Documented by earlier colonial writers as ‘… the southern tribe of the territory…’, the Waiwai were renowned for their ‘… pale skin…’ , and known as the ‘Indios do Tapioc’ and they were considered by many as the legendary ‘… wild and beautiful… White Indian[s]…’ (e.g.Guppy,1959). The name Waiwai (a term derived from the Amerindian for tapioca) was given to them by their southern neighbours the Wapishana, on account of their liking for tapioca and starch foods (e.g. Roth,1929; Fock,1963). The processing and ritualised consumption of tapioca, such as that documented by Fiona’s photographs, disclose how cassava culture serves as powerful imagery of identity.
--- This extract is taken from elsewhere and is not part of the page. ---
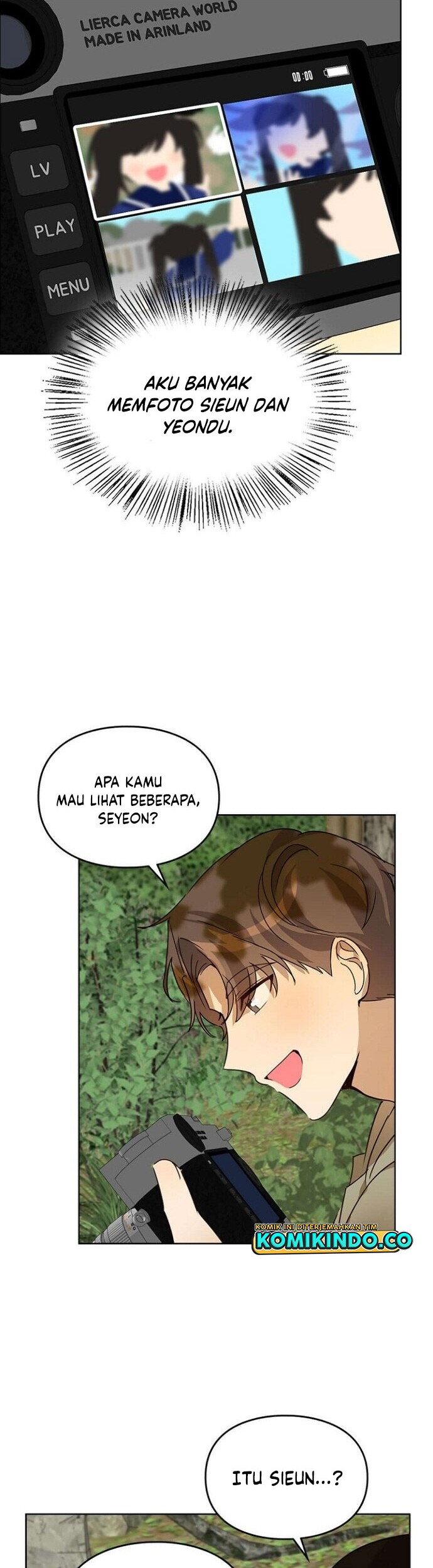 Chapter 38 - halaman 43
The Waiwai continue to perform the Shodewika ritual, which combines elements of both Christian and traditional belief systems revolving around the processing of tapioca yauyukún (tapioca drink) as a powerful fertility image of ancestral property, the ritual culminating in the reciprocal exchange of cassava tapioca for meat, as a metaphor of marriage and consummation.

Dr Wilkes is indebted to the Amerindian communities and institutions and sponsors in Guyana and the UK for their generosity of guidance, knowledge, enthusiasm, support and hospitality during this project.